The task: Make an exact copy of the entries below with the pictures removed.
########################################
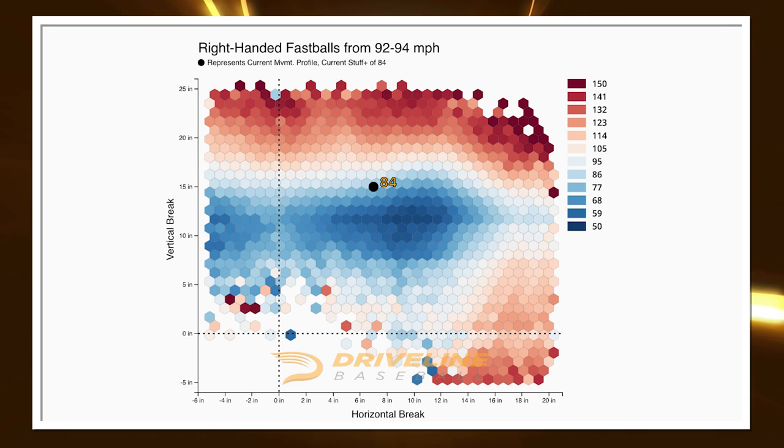Stuff Plus rates this as an 84 fastball where the league average is 100, implying his fastball is about 16% below the major league average in his velocity bucket. Is this a death sentence? I don't think so, but it does become more of an execution-based pitch for him. Pitchers without strong Stuff Plus on their fastball have less margin for error — if it's over the plate, it's going to get hit harder. You can see this in his minor league home run rates, which have consistently been above one home run per nine.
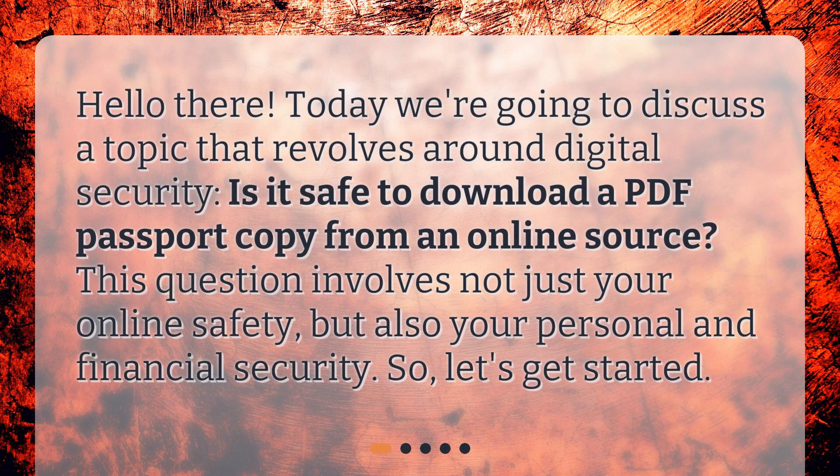Hello there! Today we're going to discuss a topic that revolves around digital security. Is it safe to download a PDF passport copy from an online source? This question involves not just your online safety, but also your personal and financial security. So, let's get started.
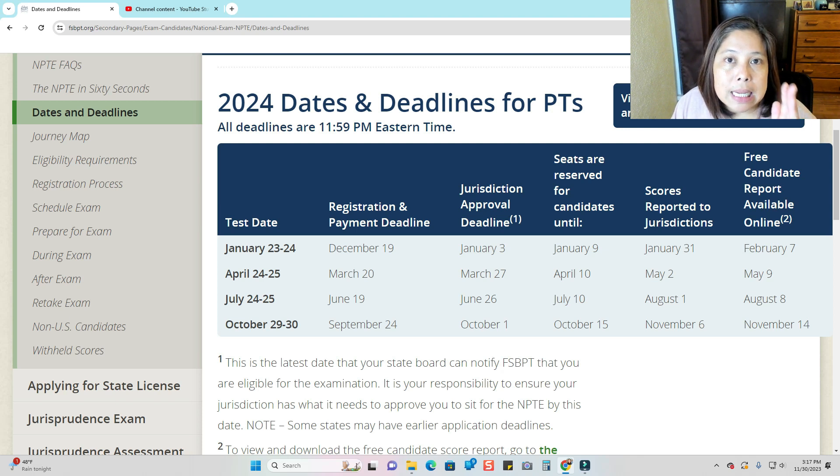If FSBPT does not receive the eligibility letter on these specific dates — roughly three weeks before the scheduled NPTE — even though you paid FSBPT, you won't be able to take the examination. If they do not receive the eligibility letter, they won't give you the authorization to test even after you paid them. So it is extremely, extremely, extremely important for you to really follow up with your state.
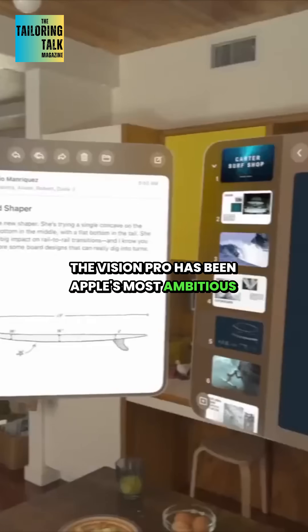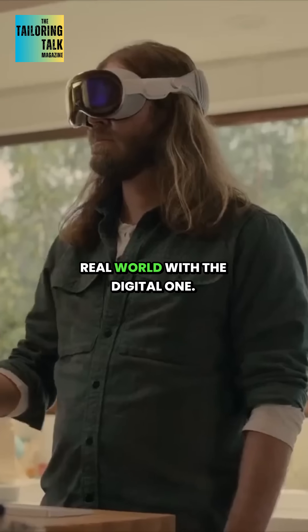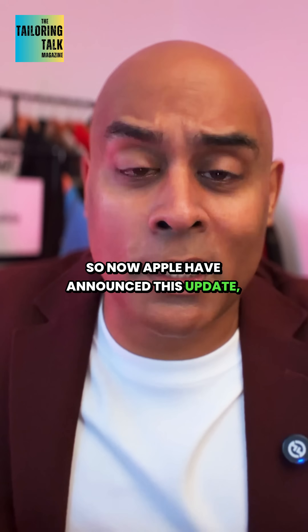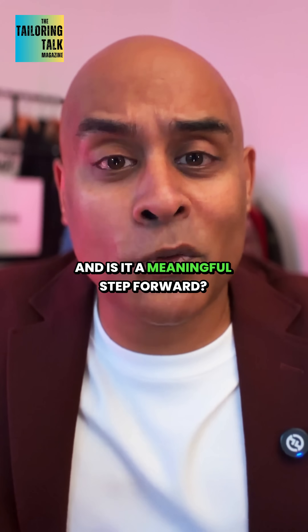The Vision Pro has been Apple's most ambitious product for years — a headset that blends the real world with the digital one. It's beautiful tech, but it's also eye-wateringly expensive. So now Apple have announced this update, people might be wondering: what's changed and is it a meaningful step forward?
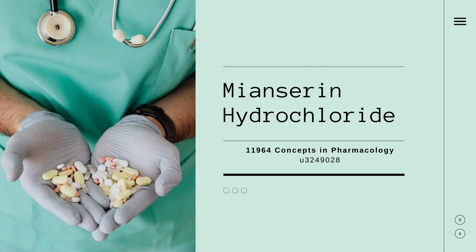Hello everyone, today we're discussing meonserine hydrochloride, a medication used to treat depression. It affects how brain chemicals work, aiming to improve mood. We'll cover how it works in the body, its intended effects, and potential side effects. Let's dive in and understand this medication better.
########################################
Answer space:
Stuff Plus rates this as an 84 fastball where the league average is 100, implying his fastball is about 16% below the major league average in his velocity bucket. Is this a death sentence? I don't think so, but it does become more of an execution-based pitch for him. Pitchers without strong Stuff Plus on their fastball have less margin for error — if it's over the plate, it's going to get hit harder. You can see this in his minor league home run rates, which have consistently been above one home run per nine.
Hello there! Today we're going to discuss a topic that revolves around digital security. Is it safe to download a PDF passport copy from an online source? This question involves not just your online safety, but also your personal and financial security. So, let's get started.
If FSBPT does not receive the eligibility letter on these specific dates — roughly three weeks before the scheduled NPTE — even though you paid FSBPT, you won't be able to take the examination. If they do not receive the eligibility letter, they won't give you the authorization to test even after you paid them. So it is extremely, extremely, extremely important for you to really follow up with your state.
The Vision Pro has been Apple's most ambitious product for years — a headset that blends the real world with the digital one. It's beautiful tech, but it's also eye-wateringly expensive. So now Apple have announced this update, people might be wondering: what's changed and is it a meaningful step forward?
Hello everyone, today we're discussing meonserine hydrochloride, a medication used to treat depression. It affects how brain chemicals work, aiming to improve mood. We'll cover how it works in the body, its intended effects, and potential side effects. Let's dive in and understand this medication better.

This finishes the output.